Posizione Di Riposo Sdraiato
La posizione di riposo sdraiato è una posizione di recupero supina: sei disteso sulla schiena a terra con le gambe estese, le braccia rilassate lungo i fianchi e i palmi rivolti verso il basso o verso l'alto. Non c'è carico, non c'è range di movimento e non c'è alcuno sforzo per mantenere una forma se non quello di lasciare che tutto il corpo si abbandoni verso il pavimento.
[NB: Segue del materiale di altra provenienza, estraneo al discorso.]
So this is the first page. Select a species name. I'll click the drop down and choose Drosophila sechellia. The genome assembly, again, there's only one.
È la posizione più semplice di qualsiasi libreria di esercizi e, proprio per questo, è facile eseguirla con superficialità e vale la pena farla con attenzione.
Questa posizione si inserisce nella seduta in due modi principali. Tra serie intense o esercizi impegnativi, una breve sosta a terra permette al respiro di assestarsi e alla frequenza cardiaca di scendere senza la rigidità che deriva dal restare in piedi o sedersi su una panca. A fine allenamento, un mantenimento più lungo di due o cinque minuti funziona come defaticamento, dando al sistema nervoso un segnale chiaro che il lavoro è terminato. È anche una posizione comune per la respirazione guidata, il body scan e la fase di rilassamento finale delle lezioni in stile yoga e pilates.
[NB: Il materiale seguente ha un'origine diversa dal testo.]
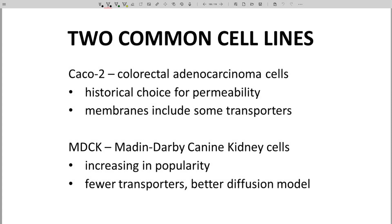Many permeability assays are used, and the key difference is the identity of the cells used in the assay. The traditional cell line of choice has been CACO2 cells. CACO2 stands for Human Colorectal Adenocarcinoma Cells. These cells form an epithelial layer that is a good model for the intestinal lining. One issue is that CACO2 cell membranes do contain some transporters, including active efflux transporters like PGP. A CACO2 permeability assay does provide a realistic model of the intestinal lining, but the results may reflect the influence of the transporter proteins.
Poiché il pavimento sostiene l'intera parte posteriore del corpo, la posizione di riposo sdraiato elimina gran parte del lavoro posturale che normalmente svolgono la colonna vertebrale, i fianchi e le spalle. Questo la rende utile per chiunque trascorra la seduta a contrarsi sotto carico, a mantenere la posizione di plank o a stare in piedi. Qui non stai cercando di costruire muscolo; il beneficio è il recupero, un respiro più lento e la possibilità di notare dove stai ancora trattenendo tensione, spesso nella mascella, nel collo, nelle spalle o nei piedi.
La preparazione conta più di quanto sembri. Se la zona lombare risulta in tensione con le gambe distese, piegare le ginocchia e appoggiare i piedi piatti a terra toglie gli flessori dell'anca dallo stiramento e permette alla colonna lombare di riposare su una curva più neutra. Un piegamento sottile sotto la testa può aiutare se il mento punta verso il soffitto, il che di solito significa che il supporto per la testa è troppo basso o che il torace è sollevato. Piccoli aggiustamenti come questi fanno la differenza tra una posizione che ti lascia rilassare e una con cui lotti silenziosamente.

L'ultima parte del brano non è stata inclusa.